The tongue is an important element of the human body and it has many functions. Among other tasks, the tongue helps to clean the mouth, it enables us to speak; it also gives us a sense of taste. One of the most vital components of the tongue is the lingual nerve.

Function of the Lingual Nerve?

The lingual nerve is responsible for the senses in the tongue. It is located near the sides of the tongue. The lingual nerve branches off the mandibular nerve and transmits taste to the brain.

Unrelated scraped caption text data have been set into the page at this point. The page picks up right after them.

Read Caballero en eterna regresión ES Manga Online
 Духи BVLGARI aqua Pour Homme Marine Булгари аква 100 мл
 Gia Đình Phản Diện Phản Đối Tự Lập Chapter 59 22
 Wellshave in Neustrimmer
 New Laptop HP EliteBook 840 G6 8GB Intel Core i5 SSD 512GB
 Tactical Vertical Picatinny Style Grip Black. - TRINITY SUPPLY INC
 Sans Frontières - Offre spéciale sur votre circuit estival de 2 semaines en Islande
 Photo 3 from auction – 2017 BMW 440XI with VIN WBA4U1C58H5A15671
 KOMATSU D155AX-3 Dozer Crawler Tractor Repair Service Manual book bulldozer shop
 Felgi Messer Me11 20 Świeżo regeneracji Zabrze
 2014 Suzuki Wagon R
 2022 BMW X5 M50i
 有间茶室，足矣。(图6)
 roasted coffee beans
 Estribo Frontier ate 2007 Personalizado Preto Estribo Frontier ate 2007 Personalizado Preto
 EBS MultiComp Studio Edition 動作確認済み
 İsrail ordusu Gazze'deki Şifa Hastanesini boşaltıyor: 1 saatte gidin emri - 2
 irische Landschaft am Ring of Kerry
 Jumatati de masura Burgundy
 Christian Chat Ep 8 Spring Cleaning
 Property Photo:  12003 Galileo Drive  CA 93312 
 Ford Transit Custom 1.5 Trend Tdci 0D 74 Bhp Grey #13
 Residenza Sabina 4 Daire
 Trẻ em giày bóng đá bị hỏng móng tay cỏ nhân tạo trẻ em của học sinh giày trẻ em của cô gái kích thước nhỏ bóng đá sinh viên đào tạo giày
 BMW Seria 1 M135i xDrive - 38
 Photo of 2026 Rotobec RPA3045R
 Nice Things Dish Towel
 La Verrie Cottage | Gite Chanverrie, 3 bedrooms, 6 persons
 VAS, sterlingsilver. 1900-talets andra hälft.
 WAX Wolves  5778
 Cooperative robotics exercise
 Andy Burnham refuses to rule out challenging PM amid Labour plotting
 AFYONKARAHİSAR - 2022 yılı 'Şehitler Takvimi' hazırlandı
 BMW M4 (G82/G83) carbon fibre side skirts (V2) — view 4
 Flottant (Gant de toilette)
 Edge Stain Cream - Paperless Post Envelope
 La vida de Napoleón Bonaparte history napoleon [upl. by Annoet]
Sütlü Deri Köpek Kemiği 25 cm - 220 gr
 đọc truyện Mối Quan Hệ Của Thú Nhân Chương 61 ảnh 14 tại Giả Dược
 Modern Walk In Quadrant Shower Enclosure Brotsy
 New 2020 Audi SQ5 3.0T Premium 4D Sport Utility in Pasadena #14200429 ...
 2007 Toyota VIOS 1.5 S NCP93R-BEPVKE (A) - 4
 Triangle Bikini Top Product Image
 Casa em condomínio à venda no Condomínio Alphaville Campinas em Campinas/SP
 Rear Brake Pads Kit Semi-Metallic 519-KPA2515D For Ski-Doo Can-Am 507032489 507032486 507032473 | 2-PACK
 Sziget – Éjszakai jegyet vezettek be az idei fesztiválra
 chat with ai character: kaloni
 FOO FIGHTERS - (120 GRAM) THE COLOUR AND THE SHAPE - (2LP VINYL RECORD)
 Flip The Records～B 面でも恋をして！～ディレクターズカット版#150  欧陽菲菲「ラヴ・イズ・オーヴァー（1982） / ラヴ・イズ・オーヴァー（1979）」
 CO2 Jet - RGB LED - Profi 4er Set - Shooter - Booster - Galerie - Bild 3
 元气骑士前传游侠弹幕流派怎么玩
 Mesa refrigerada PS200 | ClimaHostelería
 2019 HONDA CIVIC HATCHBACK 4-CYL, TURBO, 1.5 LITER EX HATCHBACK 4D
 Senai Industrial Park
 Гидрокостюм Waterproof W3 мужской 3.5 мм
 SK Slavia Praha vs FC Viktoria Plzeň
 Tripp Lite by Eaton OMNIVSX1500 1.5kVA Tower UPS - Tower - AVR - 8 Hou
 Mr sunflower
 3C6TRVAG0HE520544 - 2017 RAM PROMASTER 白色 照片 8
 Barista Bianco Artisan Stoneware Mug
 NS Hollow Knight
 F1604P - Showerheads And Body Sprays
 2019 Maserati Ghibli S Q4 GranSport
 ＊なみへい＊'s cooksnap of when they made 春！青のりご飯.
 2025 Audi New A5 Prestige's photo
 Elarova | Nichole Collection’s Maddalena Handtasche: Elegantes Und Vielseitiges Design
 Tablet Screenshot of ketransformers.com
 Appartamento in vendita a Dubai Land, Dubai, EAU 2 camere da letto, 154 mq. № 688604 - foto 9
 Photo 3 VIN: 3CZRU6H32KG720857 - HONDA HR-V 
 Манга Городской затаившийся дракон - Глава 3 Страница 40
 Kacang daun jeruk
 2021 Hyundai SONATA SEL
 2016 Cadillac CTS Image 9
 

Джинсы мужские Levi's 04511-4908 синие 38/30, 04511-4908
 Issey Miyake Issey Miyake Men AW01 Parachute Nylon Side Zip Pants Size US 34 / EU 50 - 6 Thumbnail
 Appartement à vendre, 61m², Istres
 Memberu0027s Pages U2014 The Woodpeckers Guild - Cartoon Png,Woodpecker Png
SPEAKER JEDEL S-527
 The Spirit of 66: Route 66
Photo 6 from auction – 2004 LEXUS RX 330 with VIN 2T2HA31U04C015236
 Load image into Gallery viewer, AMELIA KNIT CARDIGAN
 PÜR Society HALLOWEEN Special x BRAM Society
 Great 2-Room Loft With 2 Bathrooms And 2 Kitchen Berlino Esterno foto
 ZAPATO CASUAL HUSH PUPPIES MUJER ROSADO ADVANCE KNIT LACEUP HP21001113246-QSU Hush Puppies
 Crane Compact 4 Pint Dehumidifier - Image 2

The lingual nerve supplies the front two thirds of the tongue. When you eat or drink something, the nerve picks up taste information and sends it to the brain via a branch of the facial nerve. The information is then sent back to the majority of the tongue, allowing you to taste the food.

Location of the Lingual Nerve

The lingual nerve begins under the lateral pterygoid muscle (a muscle of mastication) in front of the inferior alveolar nerve. The nerve then joins up with a section of the facial nerve. It then runs past the medial pterygoid muscle and mandible (jaw) and crosses to the side of the tongue.

The lingual nerve then passes under the constrictor pharyngis superior (a muscle in the pharynx). The nerve continues to run between the hyoglossus and the submandibular gland (salivary gland). It ends beneath the tongue’s mucous membrane.


Lingual Nerve Injuries

It is unlikely that the lingual nerve will become damaged naturally, due to its protected location. Normal mouth movements, such as talking, yawning or eating food, will have no detrimental effects on the nerve. Most lingual nerve injuries occur after an oral surgical procedure has been carried out.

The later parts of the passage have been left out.